Occasionally we work with a client who really likes to buy individual stocks. The client might have anywhere from a handful of stocks to several dozen in their portfolio. It’s usually a bit of a hodgepodge. Often, they’ve had a taste of success with their investments. Maybe they bought and held Apple or Amazon stock over several years. Or maybe they inherited stock grandma bought in Walmart when it operated just a few dozen stores in Arkansas.
Those unusual success stories can be a double-edged sword. Yes, the client made some money and that’s fantastic. Often, though, that anecdotal success makes them believe it’s possible to beat the stock market. It’s the reason casinos are happy to see people walk away from a weekend in Vegas with winnings in their pockets. They’ll keep coming back.
Many of us at Aptus have experience in stock research. We’ve seen how the sausage is made on Wall Street and we can say with some confidence that you can’t beat the Street—you are much better off investing in broad index funds. It may be possible to beat the stock market, but if you’re spending time reading this blog, you probably aren’t going to be the one that will beat it.
Sorry, we don’t want to disrespect you. If you’re reading this blog, you’re extremely intelligent [of course]. It’s just hard to consistently and systematically pick a portfolio of individual stocks that beats a simple index fund over time. There are a ton of reasons why this is the case, but we’ll focus on three: market efficiency, competition from professionals and positive skew.
In the mid-1960s, Eugene Fama and other academics developed the Efficient Market Hypothesis (EMH) asserting that stocks always trade at their fair value. This is not to say they trade at the “correct” value, because the future is inherently unknown, but rather they trade at a best estimate of fair value given all currently available information. In the EMH’s strongest form, it would be impossible to find an undervalued stock because the market is constantly adjusting to all public and even private information. There have been many “anomalies” detected in the hypothesis, but the general concept was and still is widely accepted as true. It’s nearly impossible to outguess the market price of individual stocks.
What’s mind-blowing about the EMH is how strong the evidence was that you couldn’t beat the market in the 1960s. Before Excel. Before the Internet. Before Moore’s Law computing. Before SEC fair disclosure regulations. Before artificial intelligence. Before hedge funds. Arguably before professional money management even existed. There were a few hundred CFA charterholders in 1965. Today there are around 200,000.
It’s exponentially more difficult to beat the market today than it was when the EMH was developed.

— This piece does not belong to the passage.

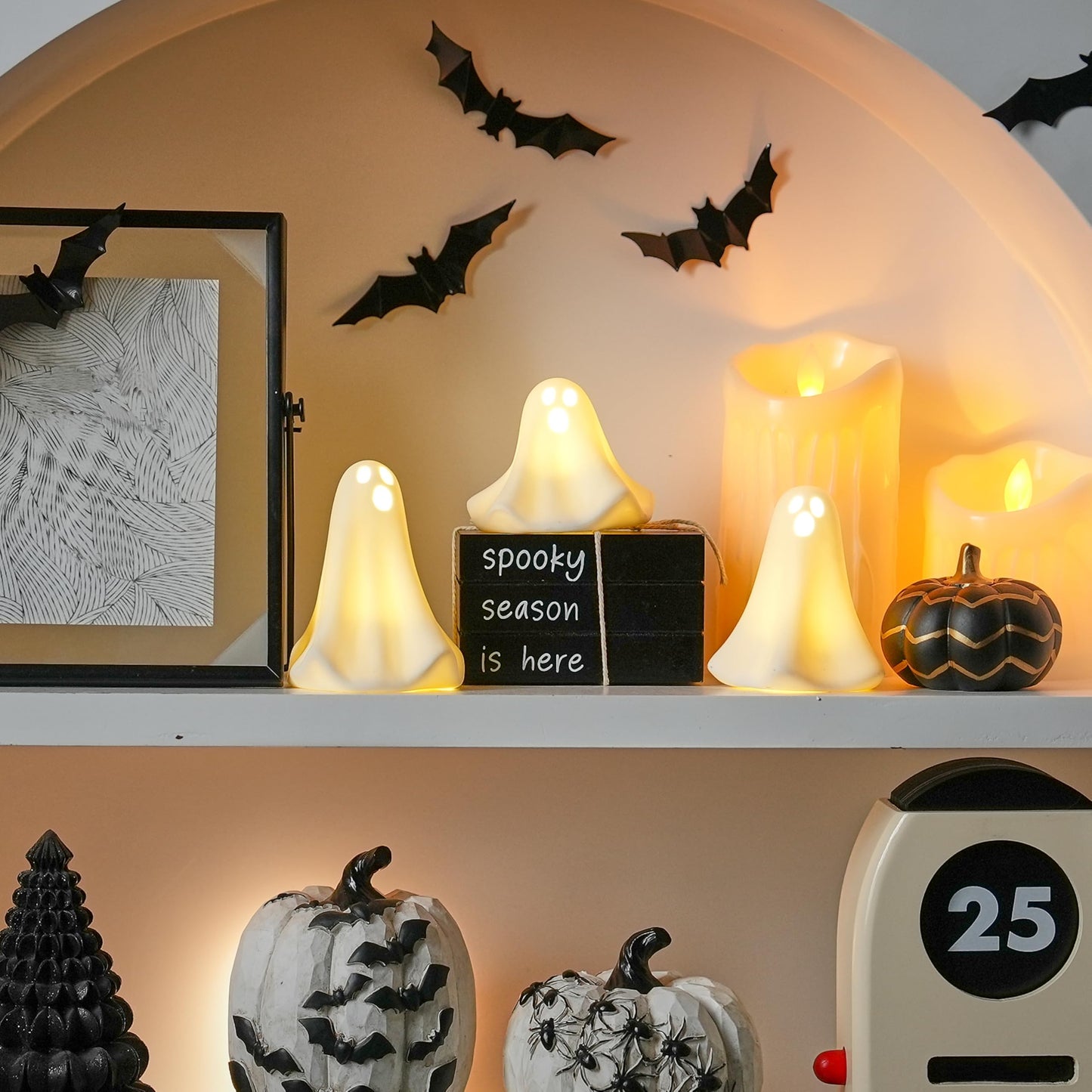 AOMOONOA Ceramic Ghost Decor, 3Pcs Light Up Ghosts for Indoor Halloween Decorations, Battery Powered White Mini Ghost Figurines with LED for Spooky Halloween, Home Tabletop Shelf Centerpieces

Companies publish all relevant information online and stream all their presentations, which are dissected immediately by analysts and algorithms. With the democratization of information, it’s unlikely you are going to be the first to know.
There are enormous financial rewards to those who can find and exploit an informational edge. Historically most hedge funds charged “2 and 20,” or 2% of assets (their management fee) plus 20% of the fund’s returns (their performance fee). That has compressed to something more like 1.4 and 16.5 for the average hedge fund, but many established hedge funds are still charging performance fees of at least 20%. Think about that. A $1 billion hedge fund could make $20 million if the fund gains 10% in a year…on top of a $10 mil.-$20 mil. management fee!
The stakes are high and the budgets for hedge fund research can be astronomical. Hedge fund managers and analysts are talking to customers, suppliers, partners and anyone else who might have any information impacting stock prices. They’re paying experts and consultants to help them understand new product launches. They’re touring factories in China. They’re using satellite imagery to count cars in parking lots. It would be extremely challenging to beat them to a stone left unturned.
Many of our clients are just as sharp as our former hedge fund clients. But if you aren’t spending 60 hours a week and thousands (millions?) of dollars on research, are you really going to have a consistent informational advantage? If markets are not always efficient and there are opportunities to get an edge, you are probably not going to be the one that does so.
In 2017, Hendrik Bessembinder published a paper with the provocative title “Do Stocks Outperform Treasury Bills?” His study showed that the vast majority of stocks don’t. In fact, just 4% of stocks accounted for all the wealth creation in the stock market from 1926 to 2015. The other 96%, in aggregate, only matched the returns of the 1-month treasury bill.
Mind blown, once again.
How is this possible? Well, large positive returns are more frequent and more impactful than large negative returns. Losers tend to get washed out of the stock market relatively quickly while winners compound their returns over many years. Broad index funds, of course, own all the stocks in the market and so fully realize the returns from those big winners.
This creates a dilemma for folks trying to pick individual stocks. To beat a broad stock market index fund over an extended period, you need to identify, buy and hold most of those rare multi-year winners. In an efficient market with hedge funds scouring the planet for any informational edge, you need to consistently catch the bigguns and hang on. That’s not going to happen.
Hey, if you’ve had good luck picking your own stocks so far take a victory lap and celebrate. Then forget your individual stocks and buy index funds. If you’re hopelessly afflicted with the stock picking bug, which we totally get, set a small amount of money aside for trading. But don’t call it investing, call it entertainment.